The position data obtained with pose estimation software (e.g., DeepLabCut or SLEAP) is usually stored in HDF files, with extension '.h5'.

This notebook will:

- Read HDF files of rodent tracking data.
- Filter out low likelihood positions, interpolate and smoothen the data.
- Prepare the position files to be analyzed.

#### Requirements:
A folder with:
- HDF files containing the position of the mouse **bodyparts** and the **exploration targets** on the video.

Or:
- HDF files containing the position of the mouse **bodyparts**.
- A separeate JSON file containing the ROIs of the exploration targets (see [0-Video_handling](0-Video_handling.ipynb)).

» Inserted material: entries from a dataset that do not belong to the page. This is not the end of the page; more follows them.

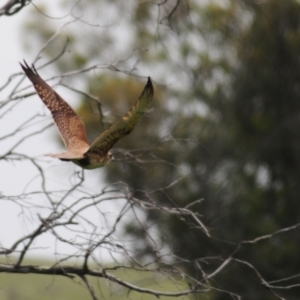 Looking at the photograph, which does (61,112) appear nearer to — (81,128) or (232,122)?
(81,128)

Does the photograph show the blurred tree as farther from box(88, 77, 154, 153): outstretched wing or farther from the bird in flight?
box(88, 77, 154, 153): outstretched wing

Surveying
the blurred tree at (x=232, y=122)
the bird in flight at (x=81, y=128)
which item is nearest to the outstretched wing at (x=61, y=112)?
the bird in flight at (x=81, y=128)

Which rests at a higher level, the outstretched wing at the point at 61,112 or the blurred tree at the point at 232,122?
the blurred tree at the point at 232,122

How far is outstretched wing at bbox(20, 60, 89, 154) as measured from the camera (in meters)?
5.48

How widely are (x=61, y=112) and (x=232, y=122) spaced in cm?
1149

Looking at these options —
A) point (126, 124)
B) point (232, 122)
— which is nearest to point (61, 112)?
point (126, 124)

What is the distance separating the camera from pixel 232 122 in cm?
1698

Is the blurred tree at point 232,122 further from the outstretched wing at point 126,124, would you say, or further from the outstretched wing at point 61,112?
the outstretched wing at point 126,124

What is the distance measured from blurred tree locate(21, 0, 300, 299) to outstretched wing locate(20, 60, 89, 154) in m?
9.81

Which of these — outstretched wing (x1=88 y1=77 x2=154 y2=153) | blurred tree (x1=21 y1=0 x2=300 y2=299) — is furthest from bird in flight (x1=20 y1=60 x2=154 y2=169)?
blurred tree (x1=21 y1=0 x2=300 y2=299)

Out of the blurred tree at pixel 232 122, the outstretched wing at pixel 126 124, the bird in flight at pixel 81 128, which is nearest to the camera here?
the outstretched wing at pixel 126 124

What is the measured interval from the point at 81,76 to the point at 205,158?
11.7 ft

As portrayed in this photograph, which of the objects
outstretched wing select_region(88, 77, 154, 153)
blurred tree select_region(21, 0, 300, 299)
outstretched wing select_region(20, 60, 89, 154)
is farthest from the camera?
blurred tree select_region(21, 0, 300, 299)

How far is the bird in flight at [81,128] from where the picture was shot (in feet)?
15.2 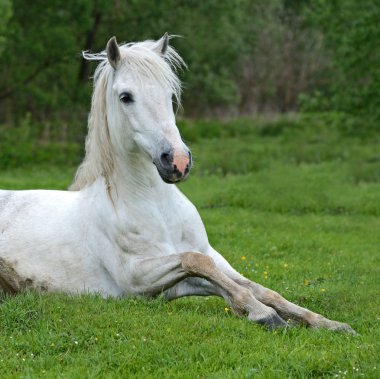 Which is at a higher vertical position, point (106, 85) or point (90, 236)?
point (106, 85)

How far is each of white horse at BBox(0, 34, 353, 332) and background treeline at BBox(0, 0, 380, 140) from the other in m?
11.6

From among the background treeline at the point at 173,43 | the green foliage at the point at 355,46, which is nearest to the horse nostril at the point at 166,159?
the background treeline at the point at 173,43

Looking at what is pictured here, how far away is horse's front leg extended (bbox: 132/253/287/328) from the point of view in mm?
5438

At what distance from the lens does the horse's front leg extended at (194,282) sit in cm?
544

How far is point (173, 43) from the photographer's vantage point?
25562mm

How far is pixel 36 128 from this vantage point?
25766 millimetres

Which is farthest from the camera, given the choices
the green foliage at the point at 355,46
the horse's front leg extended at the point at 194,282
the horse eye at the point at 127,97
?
the green foliage at the point at 355,46

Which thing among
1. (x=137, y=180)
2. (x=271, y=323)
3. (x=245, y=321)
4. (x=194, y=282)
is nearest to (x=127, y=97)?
(x=137, y=180)

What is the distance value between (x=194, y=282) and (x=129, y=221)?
697 mm

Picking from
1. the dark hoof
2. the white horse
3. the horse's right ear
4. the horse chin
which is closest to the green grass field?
the dark hoof

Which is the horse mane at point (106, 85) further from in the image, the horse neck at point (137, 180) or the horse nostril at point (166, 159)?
the horse nostril at point (166, 159)

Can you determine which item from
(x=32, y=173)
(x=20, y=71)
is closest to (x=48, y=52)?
(x=20, y=71)

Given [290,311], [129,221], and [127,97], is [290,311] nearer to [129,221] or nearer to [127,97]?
[129,221]

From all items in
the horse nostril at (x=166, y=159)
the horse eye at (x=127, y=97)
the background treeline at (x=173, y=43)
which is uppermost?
the horse eye at (x=127, y=97) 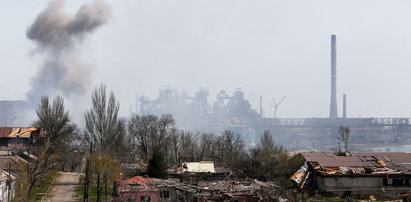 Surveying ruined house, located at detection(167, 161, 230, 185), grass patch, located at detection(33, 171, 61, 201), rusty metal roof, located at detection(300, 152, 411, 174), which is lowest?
grass patch, located at detection(33, 171, 61, 201)

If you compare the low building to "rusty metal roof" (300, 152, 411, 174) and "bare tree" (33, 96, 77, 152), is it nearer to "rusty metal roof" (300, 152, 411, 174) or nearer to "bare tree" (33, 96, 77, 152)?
"rusty metal roof" (300, 152, 411, 174)

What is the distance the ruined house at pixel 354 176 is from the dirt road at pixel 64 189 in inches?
436

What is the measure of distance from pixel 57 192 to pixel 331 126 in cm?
13657

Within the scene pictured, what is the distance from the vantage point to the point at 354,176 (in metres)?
24.9

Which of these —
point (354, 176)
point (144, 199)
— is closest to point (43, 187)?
point (144, 199)

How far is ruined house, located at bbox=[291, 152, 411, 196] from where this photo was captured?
81.3ft

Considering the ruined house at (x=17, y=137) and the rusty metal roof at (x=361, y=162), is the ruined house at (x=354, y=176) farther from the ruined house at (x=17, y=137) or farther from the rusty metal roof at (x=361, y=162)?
the ruined house at (x=17, y=137)

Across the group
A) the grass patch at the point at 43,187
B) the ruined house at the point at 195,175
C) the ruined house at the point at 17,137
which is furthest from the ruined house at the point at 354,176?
the ruined house at the point at 17,137

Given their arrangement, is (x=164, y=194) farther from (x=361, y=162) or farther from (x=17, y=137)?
(x=17, y=137)

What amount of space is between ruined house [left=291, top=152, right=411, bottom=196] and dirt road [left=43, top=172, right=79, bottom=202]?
11.1 m

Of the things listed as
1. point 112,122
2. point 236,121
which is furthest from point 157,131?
point 236,121

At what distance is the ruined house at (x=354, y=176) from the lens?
24781 millimetres

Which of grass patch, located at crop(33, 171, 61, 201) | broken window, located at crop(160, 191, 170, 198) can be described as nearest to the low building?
broken window, located at crop(160, 191, 170, 198)

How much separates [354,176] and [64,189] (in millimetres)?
13849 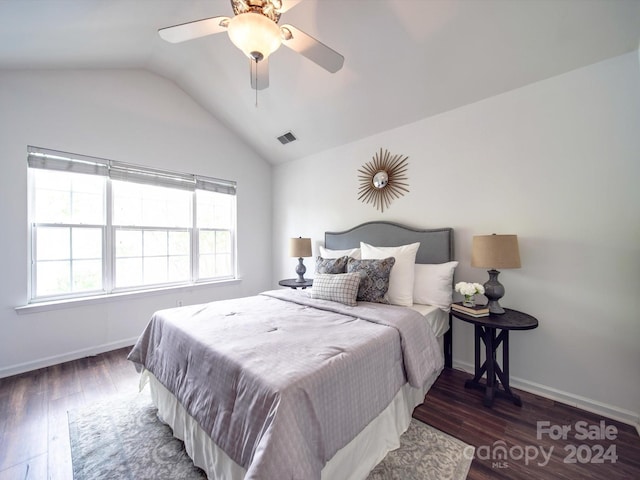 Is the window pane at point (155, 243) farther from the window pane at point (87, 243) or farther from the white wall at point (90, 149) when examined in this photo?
the white wall at point (90, 149)

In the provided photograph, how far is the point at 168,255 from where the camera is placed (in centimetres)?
362

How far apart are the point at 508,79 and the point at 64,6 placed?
353cm

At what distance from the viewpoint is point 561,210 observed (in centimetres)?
208

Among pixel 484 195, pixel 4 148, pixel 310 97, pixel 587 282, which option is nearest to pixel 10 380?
pixel 4 148

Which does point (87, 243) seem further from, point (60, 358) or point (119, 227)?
point (60, 358)

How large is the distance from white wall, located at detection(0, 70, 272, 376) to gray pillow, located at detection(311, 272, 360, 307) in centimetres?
221

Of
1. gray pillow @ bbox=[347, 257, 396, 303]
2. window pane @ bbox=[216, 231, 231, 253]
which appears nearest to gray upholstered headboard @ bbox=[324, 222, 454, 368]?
gray pillow @ bbox=[347, 257, 396, 303]

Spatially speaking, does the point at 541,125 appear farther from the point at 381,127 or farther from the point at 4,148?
the point at 4,148

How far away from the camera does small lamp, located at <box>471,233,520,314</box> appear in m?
2.01

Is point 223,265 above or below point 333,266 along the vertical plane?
below

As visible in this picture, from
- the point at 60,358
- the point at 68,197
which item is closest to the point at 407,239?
the point at 68,197

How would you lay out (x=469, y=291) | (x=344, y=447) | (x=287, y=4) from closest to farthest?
1. (x=344, y=447)
2. (x=287, y=4)
3. (x=469, y=291)

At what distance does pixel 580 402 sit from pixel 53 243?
503 centimetres

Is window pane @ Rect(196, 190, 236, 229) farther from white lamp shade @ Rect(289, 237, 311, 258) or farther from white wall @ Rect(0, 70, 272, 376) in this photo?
white lamp shade @ Rect(289, 237, 311, 258) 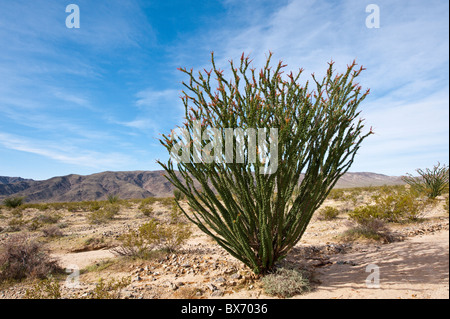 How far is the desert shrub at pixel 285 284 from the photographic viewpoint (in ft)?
12.6

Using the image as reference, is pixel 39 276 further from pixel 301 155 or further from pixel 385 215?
pixel 385 215

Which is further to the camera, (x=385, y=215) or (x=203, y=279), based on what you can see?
(x=385, y=215)

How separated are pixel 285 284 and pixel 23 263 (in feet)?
19.1

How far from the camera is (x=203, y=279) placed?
4770mm

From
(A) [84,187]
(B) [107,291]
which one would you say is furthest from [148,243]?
(A) [84,187]

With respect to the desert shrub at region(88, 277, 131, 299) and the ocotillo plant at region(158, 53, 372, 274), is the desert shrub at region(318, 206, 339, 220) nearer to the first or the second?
the ocotillo plant at region(158, 53, 372, 274)

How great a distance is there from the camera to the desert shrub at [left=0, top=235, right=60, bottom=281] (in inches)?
215

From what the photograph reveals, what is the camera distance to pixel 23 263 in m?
5.64

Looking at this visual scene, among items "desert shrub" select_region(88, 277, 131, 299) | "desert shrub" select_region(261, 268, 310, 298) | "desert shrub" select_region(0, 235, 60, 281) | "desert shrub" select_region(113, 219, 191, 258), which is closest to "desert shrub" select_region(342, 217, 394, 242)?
"desert shrub" select_region(261, 268, 310, 298)

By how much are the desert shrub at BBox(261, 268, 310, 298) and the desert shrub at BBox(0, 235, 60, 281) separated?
4737mm

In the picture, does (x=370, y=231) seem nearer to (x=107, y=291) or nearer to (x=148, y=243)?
(x=148, y=243)

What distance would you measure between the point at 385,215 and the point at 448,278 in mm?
5120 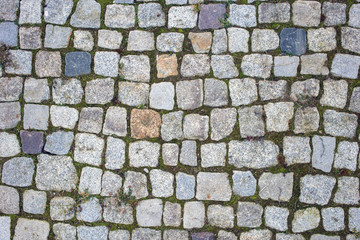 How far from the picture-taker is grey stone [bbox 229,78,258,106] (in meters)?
3.34

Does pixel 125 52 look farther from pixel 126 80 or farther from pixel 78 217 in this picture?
pixel 78 217

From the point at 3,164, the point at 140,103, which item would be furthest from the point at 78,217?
the point at 140,103

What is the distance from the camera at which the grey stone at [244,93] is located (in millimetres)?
3336

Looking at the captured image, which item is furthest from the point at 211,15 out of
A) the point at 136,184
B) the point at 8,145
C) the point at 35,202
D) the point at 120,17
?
the point at 35,202

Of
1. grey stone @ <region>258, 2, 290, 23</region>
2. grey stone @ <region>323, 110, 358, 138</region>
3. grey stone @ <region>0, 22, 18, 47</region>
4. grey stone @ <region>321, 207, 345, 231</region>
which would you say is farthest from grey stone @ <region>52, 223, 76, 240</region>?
grey stone @ <region>258, 2, 290, 23</region>

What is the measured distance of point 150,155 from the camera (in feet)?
11.0

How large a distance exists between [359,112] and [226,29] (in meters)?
1.85

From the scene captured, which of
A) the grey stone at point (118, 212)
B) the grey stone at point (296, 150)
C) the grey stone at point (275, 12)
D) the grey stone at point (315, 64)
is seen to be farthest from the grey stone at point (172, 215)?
the grey stone at point (275, 12)

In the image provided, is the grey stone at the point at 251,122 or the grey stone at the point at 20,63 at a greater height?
the grey stone at the point at 20,63

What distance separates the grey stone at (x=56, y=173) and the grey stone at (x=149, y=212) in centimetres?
84

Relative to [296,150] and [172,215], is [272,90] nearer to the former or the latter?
[296,150]

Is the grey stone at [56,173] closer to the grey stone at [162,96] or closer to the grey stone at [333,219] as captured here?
the grey stone at [162,96]

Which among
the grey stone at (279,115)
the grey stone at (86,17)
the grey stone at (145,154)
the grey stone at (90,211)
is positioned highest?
the grey stone at (86,17)

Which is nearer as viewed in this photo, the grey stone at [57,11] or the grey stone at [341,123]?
the grey stone at [341,123] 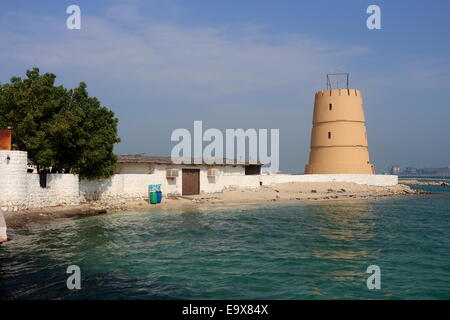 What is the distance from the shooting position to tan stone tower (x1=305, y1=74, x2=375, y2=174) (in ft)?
143

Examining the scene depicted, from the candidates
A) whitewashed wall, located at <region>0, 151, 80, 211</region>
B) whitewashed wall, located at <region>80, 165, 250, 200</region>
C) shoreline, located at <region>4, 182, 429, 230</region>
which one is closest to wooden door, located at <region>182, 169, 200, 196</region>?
whitewashed wall, located at <region>80, 165, 250, 200</region>

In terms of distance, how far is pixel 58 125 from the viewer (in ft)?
68.8

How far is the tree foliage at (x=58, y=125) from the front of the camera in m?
21.0

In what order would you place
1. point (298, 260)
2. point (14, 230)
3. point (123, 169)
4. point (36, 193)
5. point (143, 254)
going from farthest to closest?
point (123, 169)
point (36, 193)
point (14, 230)
point (143, 254)
point (298, 260)

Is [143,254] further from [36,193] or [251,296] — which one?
[36,193]

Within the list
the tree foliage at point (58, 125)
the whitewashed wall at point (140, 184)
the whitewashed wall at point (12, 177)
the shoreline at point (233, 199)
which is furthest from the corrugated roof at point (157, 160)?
the whitewashed wall at point (12, 177)

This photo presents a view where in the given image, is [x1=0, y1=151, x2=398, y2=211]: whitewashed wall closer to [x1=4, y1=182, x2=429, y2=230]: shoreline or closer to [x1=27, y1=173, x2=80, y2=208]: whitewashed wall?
[x1=27, y1=173, x2=80, y2=208]: whitewashed wall

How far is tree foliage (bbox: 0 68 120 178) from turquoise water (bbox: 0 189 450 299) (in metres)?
4.36

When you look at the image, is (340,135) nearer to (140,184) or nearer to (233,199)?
(233,199)

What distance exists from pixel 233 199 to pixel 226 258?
19.3 m

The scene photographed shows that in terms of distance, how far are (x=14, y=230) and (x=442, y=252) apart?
1627 centimetres

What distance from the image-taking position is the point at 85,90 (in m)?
24.1

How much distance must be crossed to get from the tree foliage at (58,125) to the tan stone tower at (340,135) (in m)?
26.5

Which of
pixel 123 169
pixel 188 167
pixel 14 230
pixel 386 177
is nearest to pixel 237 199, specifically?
pixel 188 167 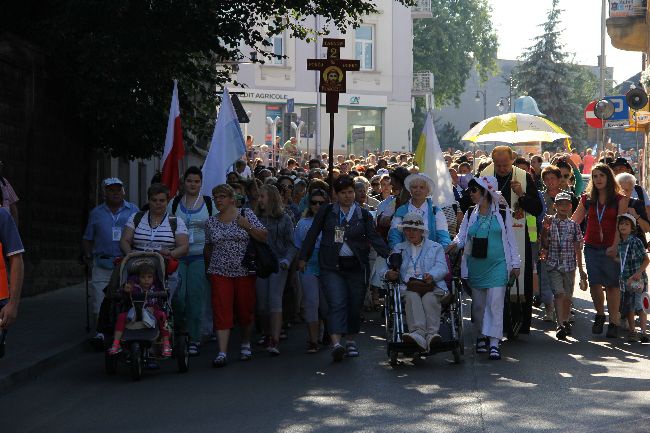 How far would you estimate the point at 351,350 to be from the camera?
12844 millimetres

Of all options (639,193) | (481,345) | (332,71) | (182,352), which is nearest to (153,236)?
(182,352)

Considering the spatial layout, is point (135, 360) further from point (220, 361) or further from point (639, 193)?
point (639, 193)

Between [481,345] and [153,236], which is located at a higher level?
[153,236]

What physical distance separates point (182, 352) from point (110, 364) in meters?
0.63

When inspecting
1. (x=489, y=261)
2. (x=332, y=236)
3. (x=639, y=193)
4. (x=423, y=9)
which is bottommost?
(x=489, y=261)

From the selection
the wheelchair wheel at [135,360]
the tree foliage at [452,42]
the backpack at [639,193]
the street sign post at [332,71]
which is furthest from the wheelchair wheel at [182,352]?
the tree foliage at [452,42]

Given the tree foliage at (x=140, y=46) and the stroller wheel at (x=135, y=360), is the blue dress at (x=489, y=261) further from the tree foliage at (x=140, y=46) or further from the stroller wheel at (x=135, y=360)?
the tree foliage at (x=140, y=46)

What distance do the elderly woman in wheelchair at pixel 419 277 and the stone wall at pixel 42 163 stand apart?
24.6 ft

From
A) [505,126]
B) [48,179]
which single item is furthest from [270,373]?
[505,126]

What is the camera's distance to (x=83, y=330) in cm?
1460

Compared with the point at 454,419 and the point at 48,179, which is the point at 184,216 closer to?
the point at 454,419

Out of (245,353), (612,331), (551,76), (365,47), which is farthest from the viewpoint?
(551,76)

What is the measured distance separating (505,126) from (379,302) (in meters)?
5.35

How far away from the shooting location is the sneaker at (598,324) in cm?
1406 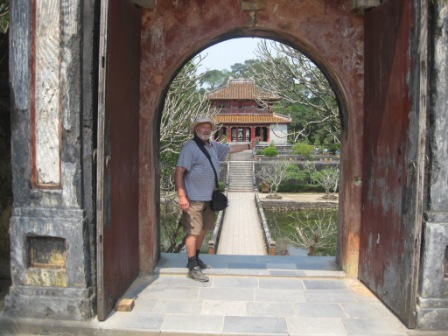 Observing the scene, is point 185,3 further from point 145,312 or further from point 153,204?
point 145,312

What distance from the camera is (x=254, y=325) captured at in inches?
120

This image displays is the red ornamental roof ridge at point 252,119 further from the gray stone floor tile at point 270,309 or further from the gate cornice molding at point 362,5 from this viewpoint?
the gray stone floor tile at point 270,309

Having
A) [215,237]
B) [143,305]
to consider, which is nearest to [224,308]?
[143,305]

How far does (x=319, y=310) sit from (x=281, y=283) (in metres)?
0.63

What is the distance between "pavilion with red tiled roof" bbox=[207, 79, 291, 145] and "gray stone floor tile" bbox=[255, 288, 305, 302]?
1245 inches

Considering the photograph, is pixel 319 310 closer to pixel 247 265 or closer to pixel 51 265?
pixel 247 265

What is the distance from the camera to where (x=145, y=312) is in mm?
3236

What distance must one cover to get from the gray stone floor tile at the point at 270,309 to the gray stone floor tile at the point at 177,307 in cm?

If you dont have your position files with you, don't worry! You can demo the pipeline by working on the example data provided in the Rainstorm repository. It contains:
- A **Novel Object Recognition** (NOR) task, with positions from each **mouse bodyparts**, analized using **DLC**. Locations of the **exploration targets** are added using points selected with the Draw ROIs tool in the [0-Video_handling](0-Video_handling.ipynb) notebook.

---
#### Load the necessary modules

In [None]:
from pathlib import Path
import rainstorm.prepare_positions as rst

---
#### 1. State your project path
`base` : The path to the downloaded repository. If you are using a Windows path with backslashes, place an ‘r’ in front of the directory path to avoid an error (e.g. r'C:\Users\dhers\Rainstorm').

`folder_path` : The path to the folder containing the pose estimation files you want to use.

`ROIs_path` : The path to the file with the Regions of Interest (ROIs). The ROIs.json file can be created using the `draw_rois` function on the [0-Video_handling](0-Video_handling.ipynb) notebook.

In [None]:
# Define your base path (e.g., to the Rainstorm repository)
base = Path.cwd() # On my end, this is equivalent to Path(r'C:\Users\dhers\Desktop\Rainstorm') 

# Define the path to your experiment folder containing the pose estimation files
folder_path = base / 'examples' / 'NOR' # To use the demo data, set folder_path to: base / 'examples' / 'NOR'

# Define the path to your ROIs.json file (optional)
ROIs_path = folder_path / 'ROIs.json' 

---
#### 2. Rename the files to end in '_position.h5'
Since we use the data from different softwares, filenames end with something like '{Software_used + Network + name + date + snapshot}.h5'

We start by editing the filenames. We are looking for the following:
- Position files **must** end with the suffix '_position'.
- (Optional) If the files belong to different trials of an experiment, they should contain the name of the trial in the filename.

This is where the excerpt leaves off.